# Richardson (Sheffield) Ltd. 07/2008 08:55 Visit



## spawney (Jul 28, 2008)

Visited the now derelict Richardson's site with a few others from this forum. The factory is structurally sound but the squatters and the ravers that have been using this place have have left it in a right mess.
Richardsons was founded in 1839 and gained world renown in the 1980s as Westall Richardson, when, under the ownership of American Jerry Hahn, and the local leadership of Bryan Upton and Gordon Bridge, it launched the Laser range of knives, which were engineered to remain sharp for life. 
Richardson Sheffield hit cash problems in September 2007 after relocating to premises at Handsworth, Sheffield with the aid of a loan from South Yorkshire Investment Fund. Accountants and business advisers Ernst & Young have now negotiated the sale of the company to Amefa UK who plan to use the company's products to enhance their existing ranges, and to continue production from the same Sheffield base.
Here's some of the photo's from the explore, the full set of pics can be found here Sheffield Urbex Visit Album

Click the images to enlarge them.



Exterior




Factory floor




Clocking off time




Hot water boiler




Extractor fan




Ceiling fan




Nitrous oxide bottle used to keep the window closed




Frost protection controls




Conveyor system




Smiley window




Factory clock. Most of the clocks on the site were stopped at this time




Broken windows




Skylight




Heavy duty circuit breaker




Security system




Pickled onions




Water tanks




Panoramic view from roof




Group photo




Laser fun




Clone army


----------



## zero seven four (Jul 28, 2008)

Hello as the man says, there is not much info as yet we have been to see our contact in the local libary there is not much there, next stage is the local archives. We need to book a time for this and then go through the plans, ths means i'll have to burn off my images onto cd drop it off there and ask for a time to go through their records.

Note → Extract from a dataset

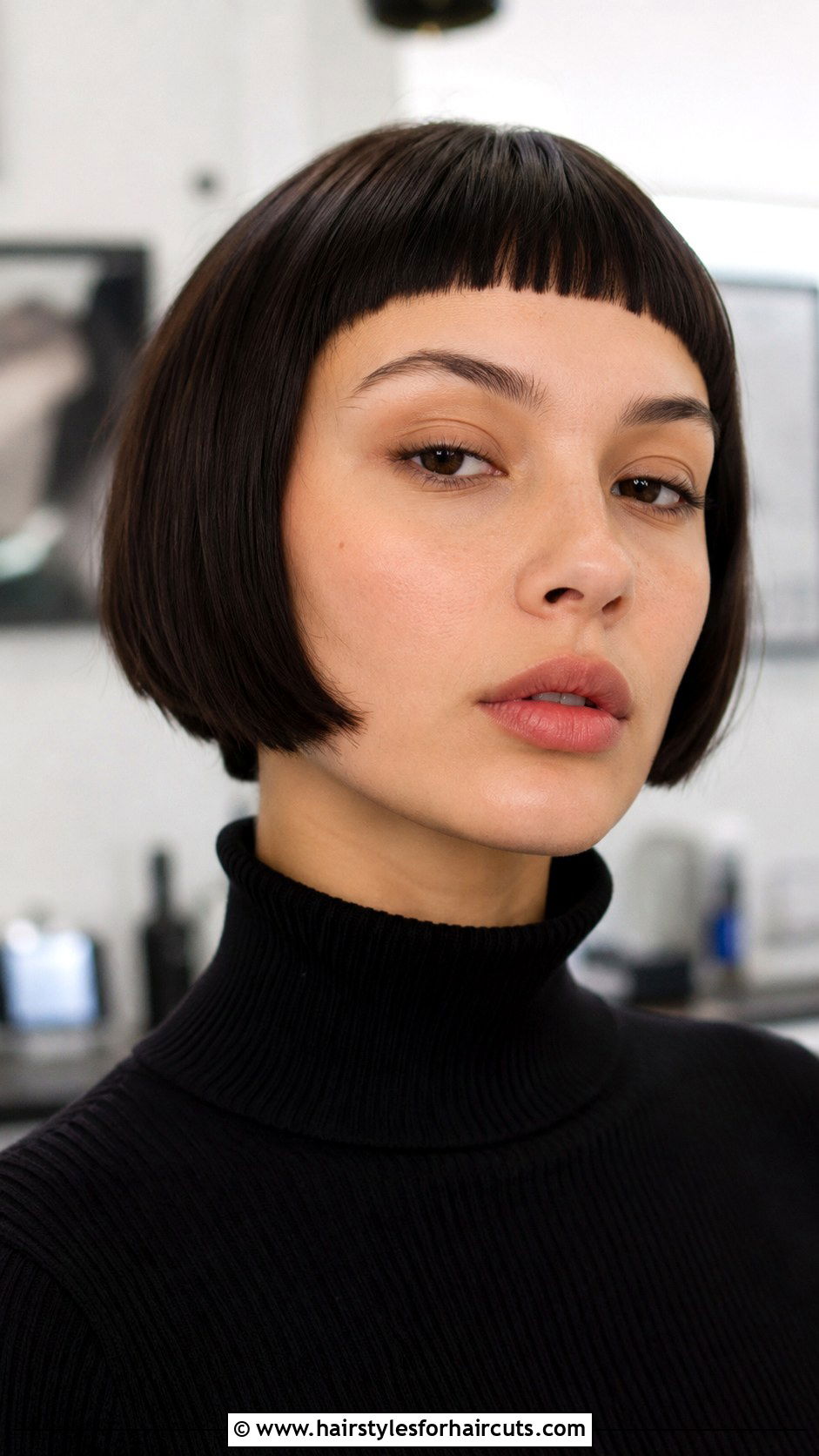 Micro Bangs Bob - 25 craziest haircuts - 25 craziest haircuts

We were there for an hour and half, there are 60 of the pentax k100d on line, here are 10 from them.







Clock at 855am






Shame the Ravers and Pigens can not read.






0742 poseing as normell (who is that in the background?)






and today through the round window ie playschool






If there was a fire we would be all dead






Lockers that are not that secure (craw bar any one)






Someones had a smashing time..






More broken glass 






Yes these tolets needed a clean






Open windows in the heat of summer means this place is cool and then the rest

*Been Back this morning,(DATE REMOVED) and now i know some people will not be happy with this but some local graph artist desire to go and paint, a local film maker desires to go and film there and a load more photographers likewise, so we are going to be circumspect in giving out any direct info on access (DETAILS REMOVED)*

_
Please do not get pissed off at this, crooksmoor church and other places has ensured this happens and as said the free party people had been and left their detritus with the pigeon shit, it is dark in there, glass all over the place and smashed up fluoresent tubes means some mercury and other hazards are around so do be carefull if you do go.._


----------



## Jethro (Jul 28, 2008)

*Some more pics...*

_Already plenty of pics here, but I'll add a few of mine..._





Some Steps





Ground Floor





In Case of Fire!





Smashed Bathroom





More Ground Floor





Industrial Extractor Fan





A View From the Roof

I'll leave it there - if you're interested there's a few more (plus higher res versions of these) on my Flickr set.


----------



## spawney (Jul 28, 2008)

You've got some really good shots of the place both here and on your flickr set. I really enjoyed going back here as the last time I saw it was back in 1989 when I was working for Richardsons but it all looked and sounded so different back then when they were in full production with all the forge presses and the grinders and linishers working. It was a bit unfortunate that we didn't get to see the tunnels but next time we're getting down there


----------



## Neosea (Jul 28, 2008)

Excellent explore, thanks for the photo's people.


----------



## zero seven four (Jul 29, 2008)

Thats covered then, it was a good un and one i hope is ongoing if people need how to get there and get in then give us a pm.. Nice images Jethro and good to meet you i hope our wild tails of urban exploration and smashed up body parts did not put you off, but you was with me, like a kid in a candy store when in a empty thats me.. I fucking love this, oh reperman i thank you for thinking about my post sometimes the joy takes over.. You should see the sun set from this roof it is good, i guess my footprints are going to become a part of this place..


----------



## no1rich (Jul 29, 2008)

Some good photo's you got of the place. You should have tried one of the pickled onions...


----------



## spawney (Jul 29, 2008)

no1rich said:


> Some good photo's you got of the place. You should have tried one of the pickled onions...



Would you have tried one?


----------